A propos de baignade, nous avons fait quelques plongées sympas en début de semaine : sur 50 m de long et à différentes profondeurs (18m, 12m et 6m), nous avons déroulé des filins, afin de faire des comptages d’acanthasters, de trocats et de burgots (des gros gastéropodes, pas le juge d’Outreau…). Ces numérations, nous les avons fait d’abord de jour et ensuite… de nuit !
A la faveur de l’apparition d’un fin croissant lumineux, annonçant une prochaine nouvelle lune, dans un ciel faiblement éclairé par les milliers d’étoiles polynésiennes, nous avons pris le bateau et longé le récif. Le noir du ciel se confond avec le noir de la mer et il n’est pas aisé de naviguer le long des balises. Une fois sur site, après avoir évité les baleines et les dauphins, les équipements enfilé et le matériel réparti entre plongeurs, nous descendons dans le grand noir (à 21h, l’eau n’est plus bleue depuis bien longtemps), parfois éclairé par de petits points lumineux furtifs : le plancton phosphorescent. Ce qui est amusant, c’est que c’est la nuit que remontent des profondeurs les “gros” prédateurs de la chaîne alimentaire des récifs coralliens… ainsi, en plein comptage, apparaît dans le faisceau de mon phare de plongée (pas en plein faisceau, mais juste sur les côtés, là où la lumière est moins forte) : un œil curieux, des dents acérées, puis un aileron le tout donnant forme à un superbe requin pointe blanche de récif ! Autant en plein jour, ce n’est pas inquiétant, autant de nuit, c’est super flippant (surtout qu’en journée je n’en avais vu aucun et que là, je ne m’y attendais pas du tout !) !

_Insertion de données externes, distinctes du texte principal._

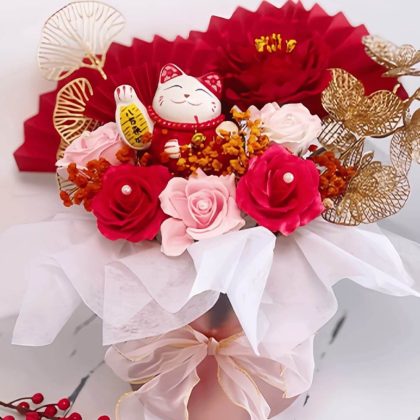 Prosperity Lucky Cat Bouquet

Sinon, nous donnons aussi des coups de main pour l’entretien de la station. Soit pour mettre en place des revêtements étanches sur les toitures (ah bon, on peut être en tongs sur un toit ???), soit pour ranger et re-classer un bon millier de coquilles d’huîtres perlières (presqu’aussi coupantes que des huîtres normales… non en fait : aussi coupantes !). Il a donc fallu les enlever d’une vieille armoire, au fond d’un local bien moisi, dans lequel avaient élus domiciles des lézards (et certainement des rats à un moment), sortir l’armoire, la nettoyer, la déplacer et tout remettre en place. A deux, nous avons mis presqu’une journée : il y avait un sacré bazar là dedans (quelle idée de ranger un tracteur-tondeuse, avec les 4 pneus déchirés, entre la porte et l’armoire…) et plein de références. A croire que les scientifiques n’aiment pas ranger (éh, je suis un vrai scientifique alors…). Du coup, le directeur nous a offert à chacun une petite nacre et une petite perle pour l’accompagner !
Une autre activité est le nettoyage des aquariums ! Alors comment nettoyer des bacs géants quand ils sont encore occupés par des petits poissons ? Et bien il faut aspirer les excréments des poissons. Et pour cela, point d’aspirateur sophistiqué : non, non non… On met un tuyau dans l’eau, on aspire avec la bouche et quand l’eau arrive, on évacue simplement et on racle le fond…Bien sur, il faut veiller à ne pas aspirer les poissons. Et bien sûr, lorsqu’on amorce l’aspiration, on avale toujours une petite quantité d’eau salée et…”enrichie” ! Y’a pas à dire : c’est pas facile comme boulot, scientifique !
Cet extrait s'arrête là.